Dalle sue ricerche recenti, sulle potenzialità di applicazione di principi attivi di origine naturale per la bioconservazione e/o la decontaminazione dei prodotti alimentari, per quali specialità delle tradizioni gastronomiche lucane possono trovare impiego?

«La Basilicata ha un vero patrimonio in termini di produzioni casearie e di salumi, che però devono fare ricorso, necessariamente, a ingredienti/conservanti che non sono estremamente salutari, quali sono il sale e il nitrito. Quest’ultimo è utilizzato da quasi tutti, anche dai piccoli produttori, per proteggerci dal rischio della formazione della tossina botulinica nei salumi. Il sale sappiamo bene che è fattore di rischio per il cancro dello stomaco e le patologie cardiovascolari: lo dice sempre anche il medico di base che va limitato.

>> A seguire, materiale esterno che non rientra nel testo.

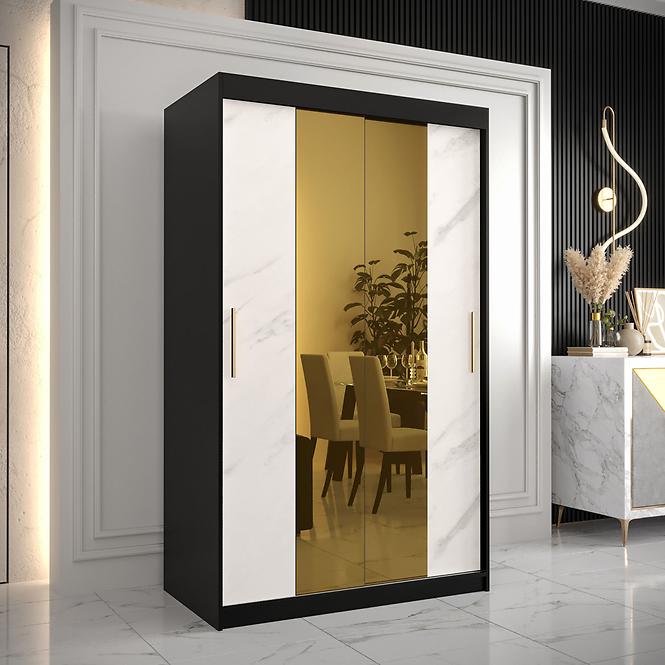 Skriňa Platinum T1 120 čierna marmur/biely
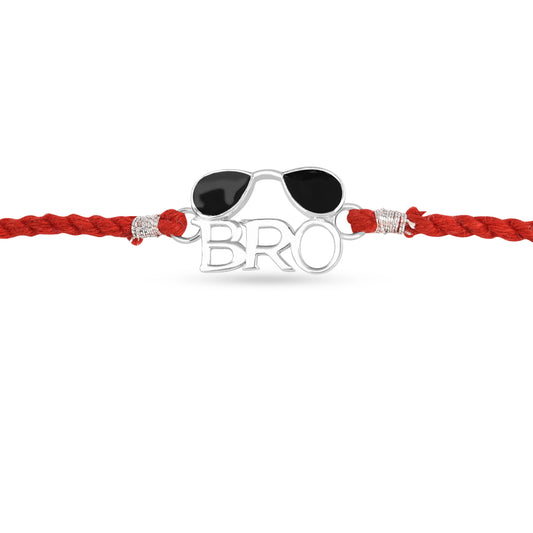 Roovi 925 Silver Cool Bro Modern Rakhi For Brother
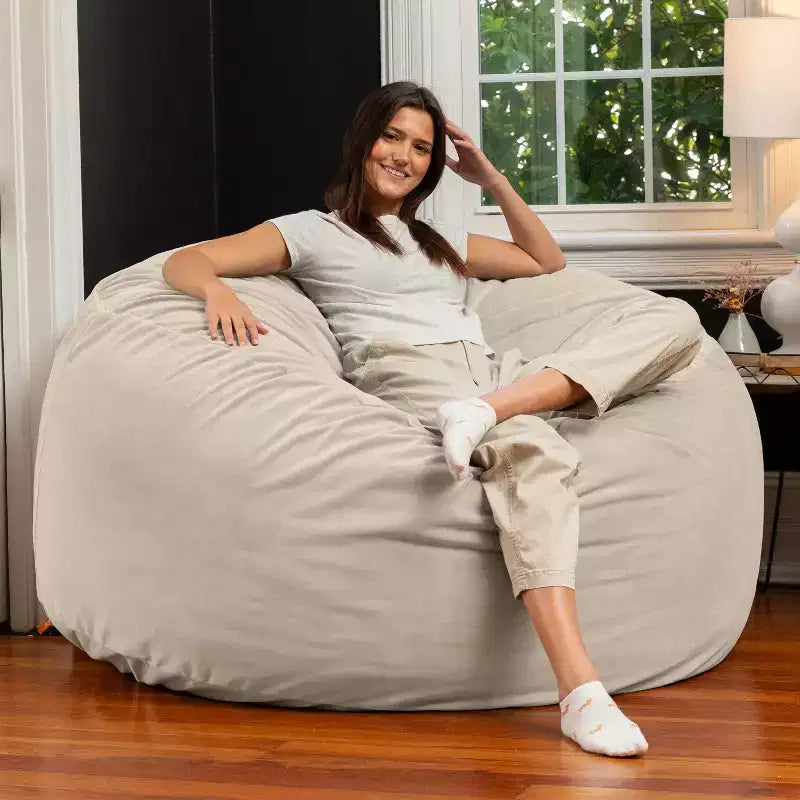 5 Foot Saxx - Großer runder Sitzsack für Erwachsene - Üppiger Samt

Il sale potremmo abituarci a sostituirlo con le spezie».

E non solo.

«Pensiamo, poi, all’uso del miele come antimicrobico. Lo si sta riscoprendo anche in medicina addirittura per trattare alcune ferite o piaghe da decubito negli anziani. Sono tutte risorse antiche che adesso recuperano la loro efficacia anche alla luce di studi importanti, alcuni realizzati pure in Italia. Vanno riviste anche delle credenze che abbiamo. Su tutte, l’utilizzo del bicarbonato per pulire le verdure a casa. Abbiamo dimostrato che non funziona poi granché come agente di pulizia, al contrario di estratti vegetali e oli essenziali che sono molto efficaci. Dobbiamo osservare tutti la natura con più umiltà, cercando di imitarla, perché ha dei meccanismi perfetti. Se non riusciamo a emularla completamente, possiamo trarre ispirazione e risolvere tanti problemi attuali».

Ci fa un esempio?

«Quello della plastica. Si stanno studiando tante alternative, a partire dalla cellulosa. C’è la pectina contenuta nella frutta, modificandone alcune proprietà fisiche può produrre rivestimenti da applicare direttamente sull’alimento. Ciò permetterebbe di comprare del cibo rivestito di questi strati sottilissimi e mangiabili con l’alimento stesso, così come faremmo con la cialda del gelato».